|M.Sc Student||Kogan Hadas|
|Subject||Optimal Optical Router|
|Department||Department of Electrical Engineering||Supervisor||Professor Isaac Keslassy|
|Full Thesis text|
It is often claimed that future routers will necessarily be all-optical, because electronic routers are not fast enough to keep up with the increase in fiber capacity. In addition, the power consumption of electronic routers has grown exponentially and already exceeds standards.
Therefore, it seems that another solution is mandatory, and many have suggested all-optical routers as an alternative. However, two objections are commonly raised: first, basic optical components are typically very expensive; and second, optical switch reconfigurations are relatively slow. In this work, our primary goal is to find the optimal way to build an optical router using optical switches and fiber delay lines, such that as few optical components as possible are used.

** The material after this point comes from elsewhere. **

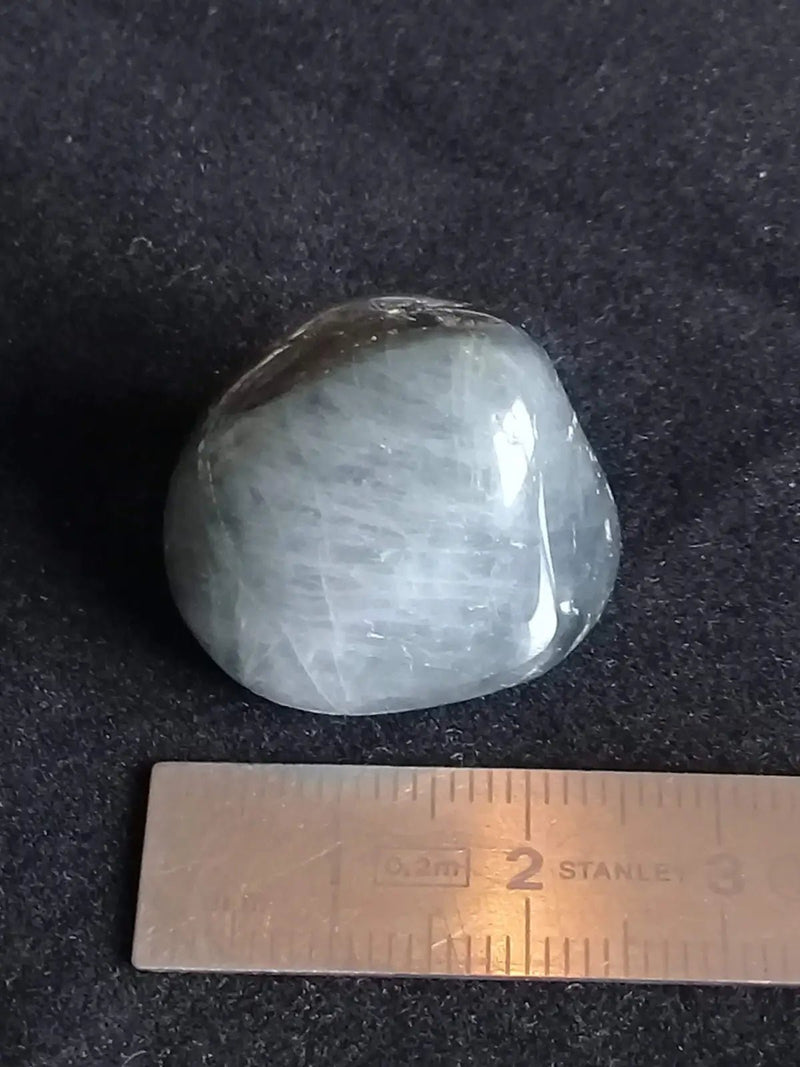 Chargez l&#39;image dans la visionneuse de la galerie, Œil de chat Pierre roulée Grade A++++ Œil de chat pierre roulée
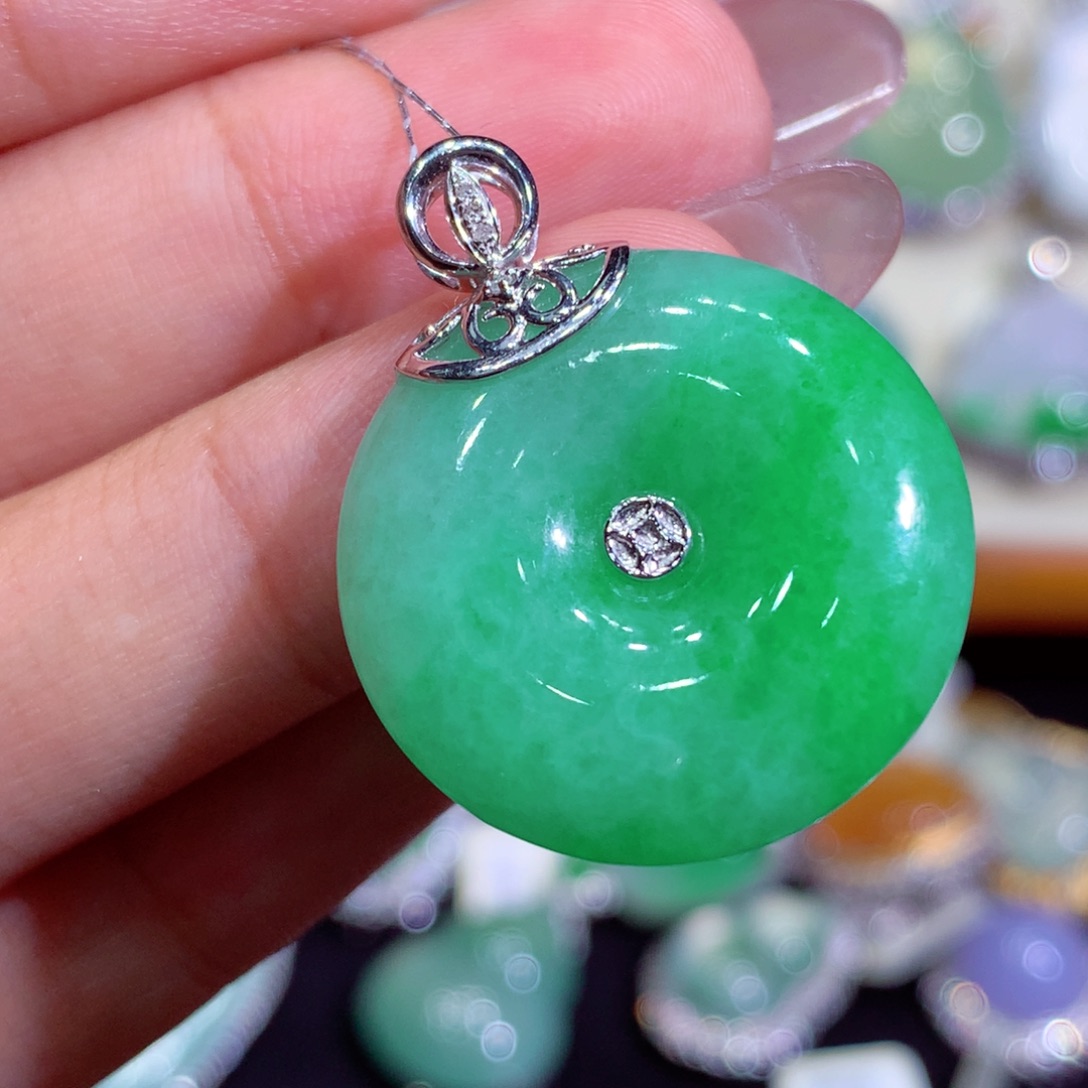翡翠18K金镶嵌吊坠(不含链)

We begin by establishing general results that demonstrate the cost limits of a general optical construction. We first define two fundamental costs: the first is related to the number of switch reconfigurations, and the second is related to the number of 2x2 switches in the construction. We continue by fundamentally bounding these costs, therefore stating "how good we can do". The bounds on the first cost are achieved by developing equivalence between coding theory and optical system design through introducing the concept of super switches.
We show that the minimal expected number of switch reconfigurations is almost equal to the state space entropy of the optical system. The bound on the number of fundamental optical components (2x2 switches) needed to construct a system is related back to Shannon. We point out the trade-off between the two types of costs.
After establishing general results that apply to any optical construction, we focus on the special case of an all-optical router. We construct an optical router with as few basic components as possible. First, we find a lower bound on the minimum number of basic components required to construct a router: an NxN router with a buffer size of B per port needs at least O(N log(NB)) components. Then, we present a construction that achieves this lower bound. Finally, we generalize this result also to a PIFO shared memory with buffer size NB and an OQ-FIFO switch.